Start of STORED DATA

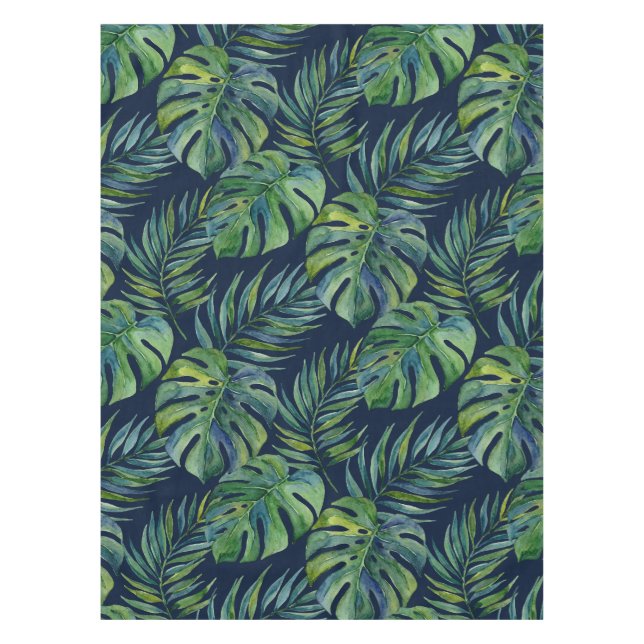 Nappe Moku Island Hawaiian Watercolor Monstera- Navy (Devant)
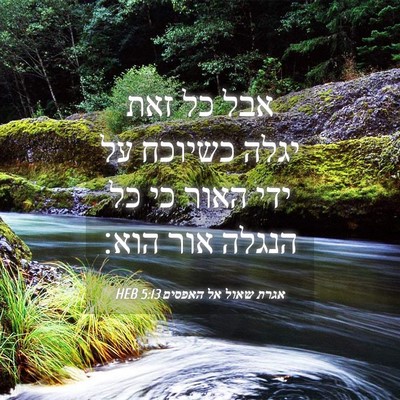 Picture 04 - אגרת שאול אל האפסים 5:13 HEB - אבל כל זאת יגלה כשיוכח על - Bible Verse Picture
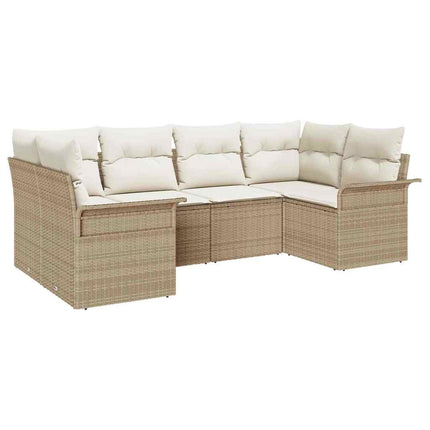 Havesofa Sæt 6 stk. Beige Poly rattan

End of STORED DATA

• [TASK OBJECTIVE] Transcribe the span of lines that runs from the line with "Picture 04 - אגרת" to the end of the data, both ends included, exactly, with nothing else and no pictures.

• [YOUR RESPONSE]
 Picture 04 - אגרת שאול אל האפסים 5:13 HEB - אבל כל זאת יגלה כשיוכח על - Bible Verse Picture
 Havesofa Sæt 6 stk. Beige Poly rattan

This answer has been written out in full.